I was going to do just coco-peat substrate mixed with some sugar cane mulch; then a few tiles stacked around the tank and some scattered pebbles. It is on my work desk so i'd like it to look relatively nice. There's a 11 watt light attached to the tank and it's near a window so maybe i could put some live plants in there if you've got any recomendations for those. So yeah that's about it! Lemme know what you think


----------



## Wally (Apr 15, 2017)

What is your friends opinion from whom you are acquiring the scorpions? Surely they have some experience.


----------



## MineralMagic (Apr 15, 2017)

Wally said:


> What is your friends opinion from whom you are acquiring the scorpions? Surely they have some experience.

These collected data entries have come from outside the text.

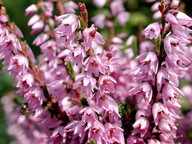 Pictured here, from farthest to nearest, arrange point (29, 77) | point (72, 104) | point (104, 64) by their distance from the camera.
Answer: point (72, 104), point (29, 77), point (104, 64)

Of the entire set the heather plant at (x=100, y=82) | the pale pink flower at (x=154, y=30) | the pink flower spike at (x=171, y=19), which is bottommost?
the heather plant at (x=100, y=82)

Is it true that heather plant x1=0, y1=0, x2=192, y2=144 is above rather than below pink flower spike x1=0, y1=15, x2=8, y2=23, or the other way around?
below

They've only ever kept them seperately and haven't ever used decorations or anything; just plastic tubs with paper towel tubes as hides.


----------



## Ssssnakes (Apr 16, 2017)

In a relatively large enclosure they're usually fine but there's always a chance they will fight and you may lose one. You can always put in a glass partition to play it safe. As for the live plants, they look amazing until the crickets you put in (for food) get to them so you're probably better off with fake plants!


Sent from my iPhone using Tapatalk


----------



## Dippyboy (May 22, 2017)

You do not want to keep black rocks together, it's a specialist thing and never garuanteed to be a sustainable thing. Urodacus as a general rule are cannibalistic and will eat each other if The conditions are not right, (Enclosure not large enough, Not enough places to hide, Not enough food) so much better to keep them separate. I'll send a pic of my enclosure for me females


----------



## Dippyboy (May 22, 2017)

This is both my Urodacus Manticus (Black Rock Scorpion) and my Hormurus Waigiensis (Rainforest Scorpion) enclosures


----------



## princessparrot (Jul 1, 2018)

Dippyboy said:


> This is both my Urodacus Manticus (Black Rock Scorpion) and my Hormurus Waigiensis (Rainforest Scorpion) enclosures]



how big are the rainforest scorpions containers?


----------